The Analysis of Wide Sargasso Sea Essay Example
Wide Sargasso Sea is a novel written by Jean Rhys about a woman who becomes mad after feeling isolated in her community. The book is a prequel to the novel Jane Eyre, and tells the story of Antoinette, Rochester’s mad wife. While growing up in Jamaica, Antoinette lives as a Creole, which differentiates her from the whites and the blacks. After enduring several tragedies such as her house being burned down, Antoinette becomes depressed and spends the rest of her life locked up. Antoinette ultimately becomes insane because of her position in society as an outcast, which was caused by the ill treatment she faced by the British and the ex-slaves.
Although Antoinette was sane in the beginning of the book, she slowly loses her mind because of her traumatic experiences. Throughout her life as a teenager, Antoinette is sane because she communicates her emotions clearly with Christophine and develops a strong relationship with her and Aunt Cora. Once Antoinette marries Rochester, Rochester dominates the relationship and strips Antoinette of her identity and freedom. After Antoinette returns from a trip with Christophine, Rochester sees her in her room and says, “When I saw her I was too shocked to speak. Her hair hung uncombed and dull into her eyes which were inflamed and staring, her face was very flushed and looked swollen. Her feet were bare. However when she spoke her voice was low, almost inaudible” (Rhys 87). Antoinette’s first major sign of insanity is shown when her whole appearance and voice diminish. Rochester’s accusations affected Antoinette deeply and caused her to lose her mentality.
As a mentally ill person, Antoinette also drinks heavily to relieve her depression. As Antoinette and Rochester are about to leave Dominica, Rochester describes Antoinette as “staring out to the distant sea. She was silence itself” (Rhys 101). Antoinette has lost the desire to speak, since she feels angry toward Rochester for changing her true identity. In addition, Antoinette’s insanity is marked by memory loss. When Antoinette is locked up, Grace Poole says, “‘It was when said “legally” that you flew at him and when he twisted the knife out of your hand you bit him. Do you mean to say you don’t remember any of this?’” (Rhys 109). Antoinette has no control of her actions at this point, and she only remembers that Richard is her brother. She believes Richard did not recognize her when he saw her, since her appearance has drastically changed with her madness.
As a member of the “other”, Antoinette and her mother are continually oppressed by the British. Although Antoinette is white, she is also Creole and her descendants are from the island of Martinique. Since Martinique is a French colony, Antoinette and her mother are outed by the British. After Antoinette is mocked by the Luttrells for her dirty dress, Christophine says, “‘These new ones have Letter of the Law. Same thing. They got magistrate. They got fine. They got jail house and clean gang. They got tread machine to mash up people’s feet. New ones worse than the old ones-more cunning, that’s all’” (Rhys 15). Christophine refers to the British as the “new ones” since they control Jamaica and have power both over the blacks and the non-British whites, such as the Creoles. Annette takes out her anger about being outed on Antoinette, even before the fire occurred. Antoinette is eventually rejected multiple times by her mother, which causes Antoinette not to feel apathy when her mother dies. Not only are the British against the Creoles, but also the blacks who were once their slaves.

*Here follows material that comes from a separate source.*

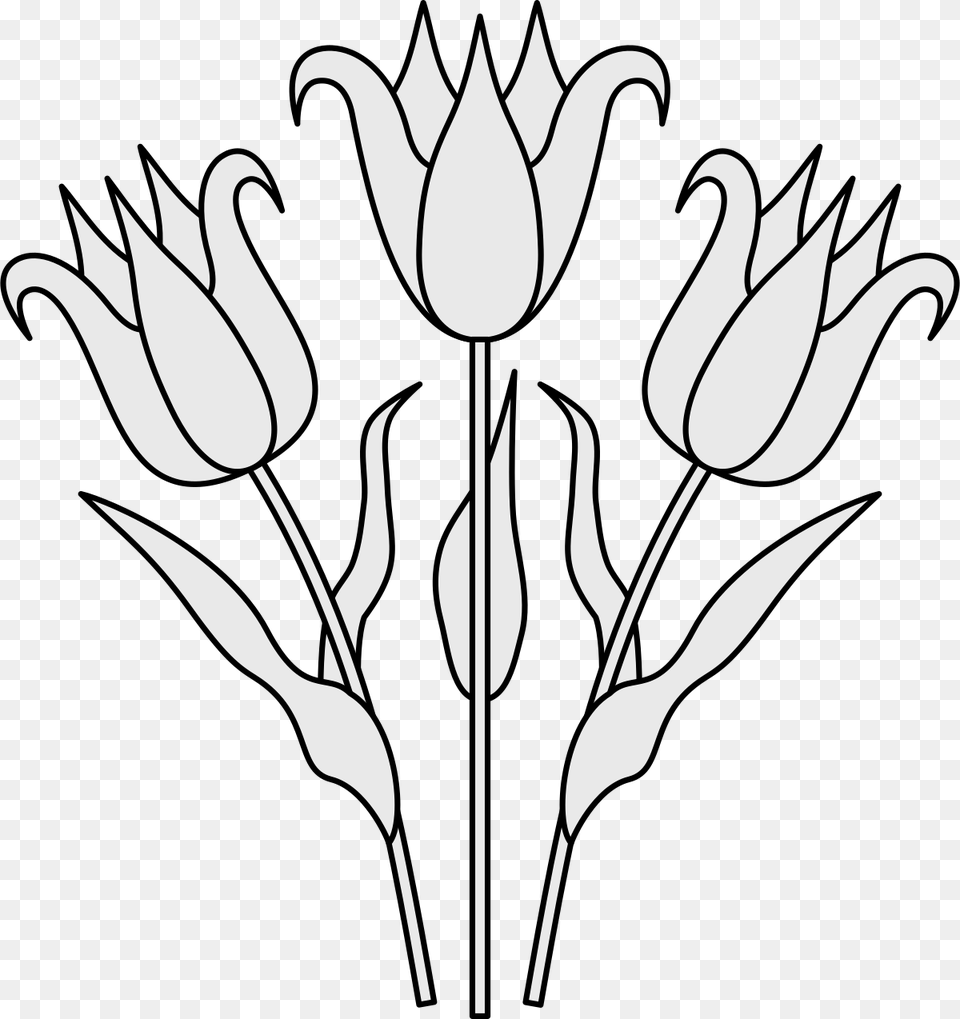 Heraldry Tulip, Stencil, Art, Flower, Plant Free Transparent Png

The ex-slaves of Jamaica are a big factor in changing tormenting Antoinette, by calling her offensive names and rejecting her from their social group. Since England passed the Slavery Abolition Act in 1833, all of the blacks who were once slaves of Antoinette’s descendants were free, so they felt hatred towards their previous owners. One of Antoinette’s close friends in the beginning of the book was a black girl named Tia. After Antoinette’s house is set on fire and Tia throws a stone at Antoinette, Antoinette says, “I did not feel it either, only something wet, running down my face. I looked at face crumple up as she began to cry. We stared at each other, blood on my face, tears on hers. It was as if I saw myself. Like in a looking-glass” (Rhys 27).

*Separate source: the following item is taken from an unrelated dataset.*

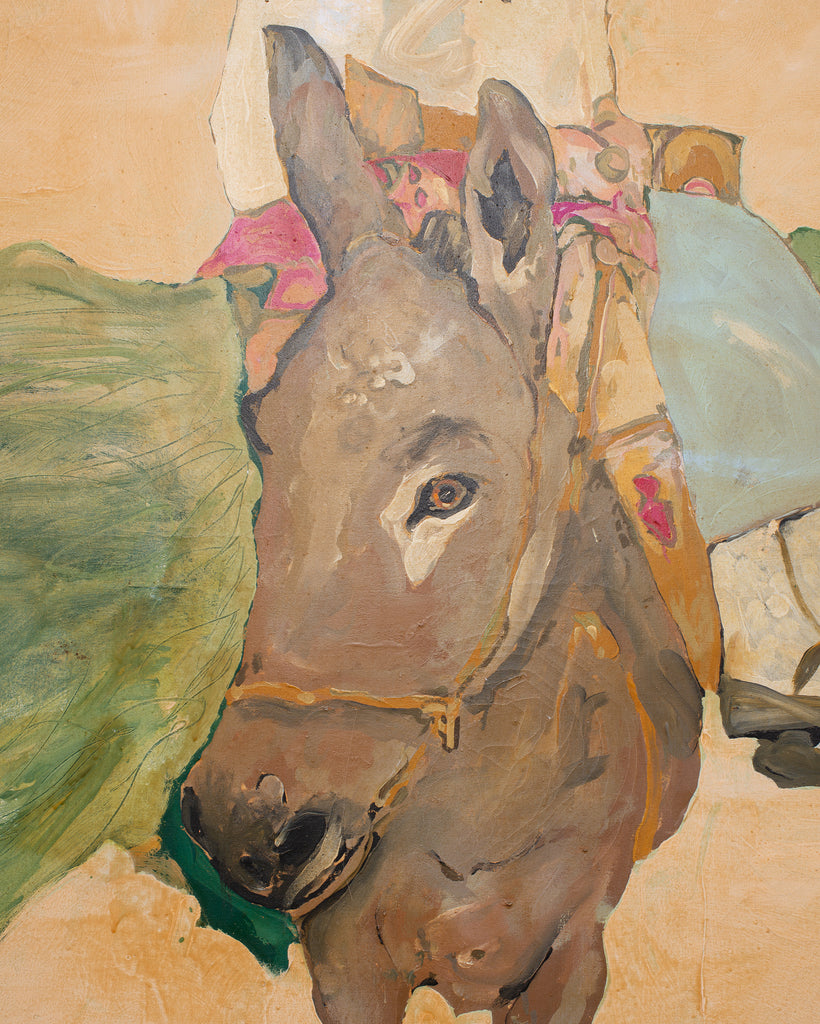 Ira Yeager 20th C. Corfu Woman on Donkey Oil Canvas Painting 6 Ft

Antoinette loses the trust of her only friend whom she goes for comfort, causing her to feel isolated and depressed. Even when Antoinette is married to Rochester, she still lives with other blacks who neglect her. After Amelie, a black servant, criticizes Antoinette of her love for Rochester, Antoinette “jumped out of bed and slapped her face. ‘I hit you back white cockroach. I hit you back,’ said Amelie. And she did. Antoinette gripped her hair” (Rhys 60). Antoinette’s feelings intensify and she attacks Amelie. In previous parts of the book, Antoinette has been called a “white cockroach”, so the repetition of the phrase causes Antoinette to release her feelings of anger toward the black community who rejected her.
After suffering through several tragedies, Antoinette begins to lose her sanity. Throughout the book, Antoinette has multiple nightmares that either show her past or foreshadow her obstacles. As a member of the Creole, Antoinette is outed by both the black and white community. Her constant states of fear and depression cause her to go insane. Not only is Antoinette not a member of the black or white community, but she is also rejected and harassed by these communities, which diminishes her state of mind.